▸ Data provided
------------------------------------------------------------------------

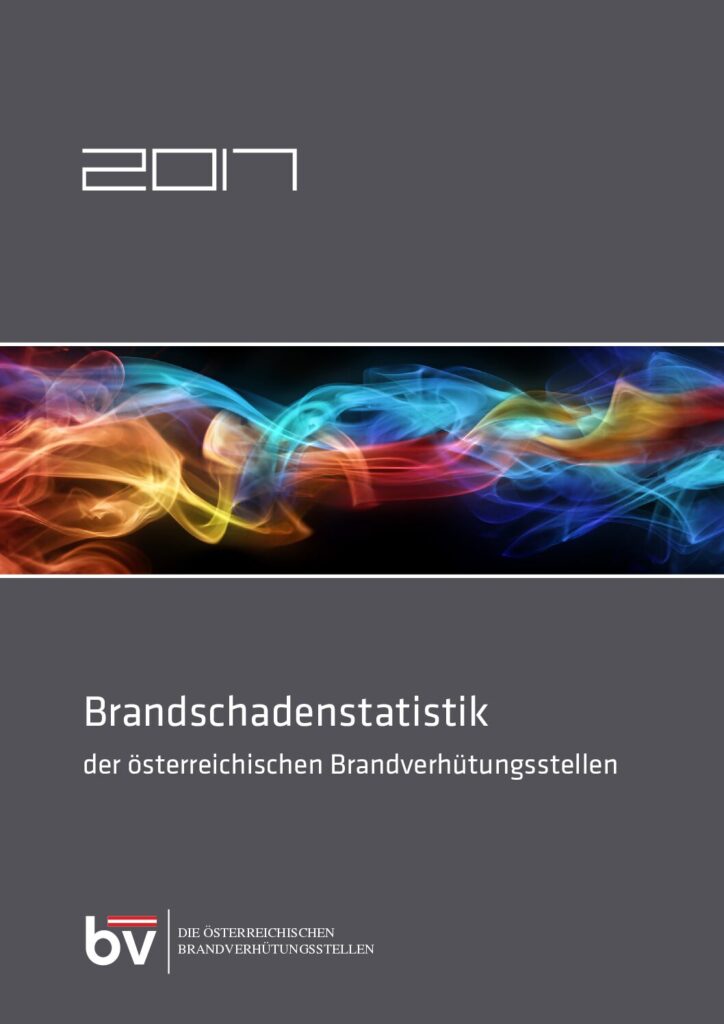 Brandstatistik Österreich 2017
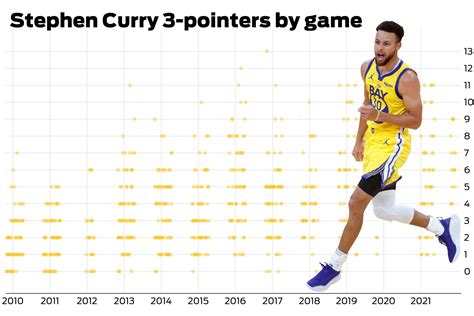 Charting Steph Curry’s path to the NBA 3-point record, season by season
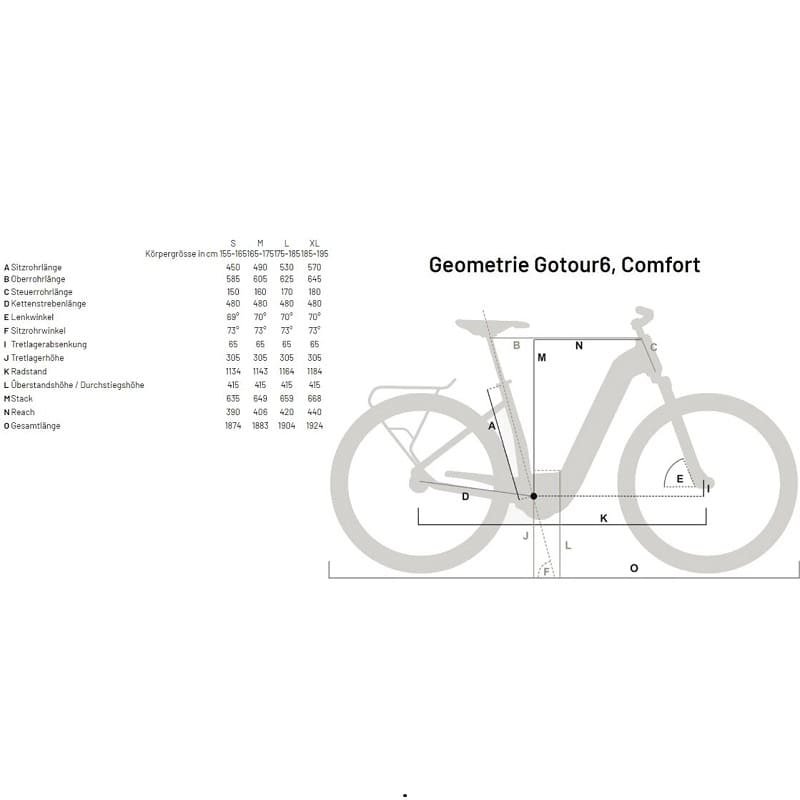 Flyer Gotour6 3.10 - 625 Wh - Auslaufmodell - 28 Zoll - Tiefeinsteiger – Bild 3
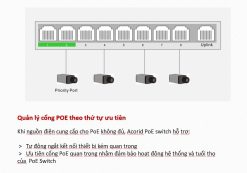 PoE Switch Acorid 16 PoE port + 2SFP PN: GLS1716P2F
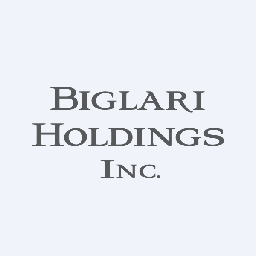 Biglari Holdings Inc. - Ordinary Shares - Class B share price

------------------------------------------------------------------------

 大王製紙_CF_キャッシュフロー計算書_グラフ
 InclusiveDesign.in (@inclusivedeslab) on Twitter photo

------------------------------------------------------------------------

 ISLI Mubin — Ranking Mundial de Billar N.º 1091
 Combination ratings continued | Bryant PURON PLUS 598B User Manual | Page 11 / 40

------------------------------------------------------------------------

▸ Work item
Only one part of the listing is wanted: the lines from the one containing "PoE Switch Acorid" through the one containing "Biglari Holdings Inc.", both included. Please transcribe it exactly, leaving out the pictures.

▸ Exercise answer
 PoE Switch Acorid 16 PoE port + 2SFP PN: GLS1716P2F
 Biglari Holdings Inc. - Ordinary Shares - Class B share price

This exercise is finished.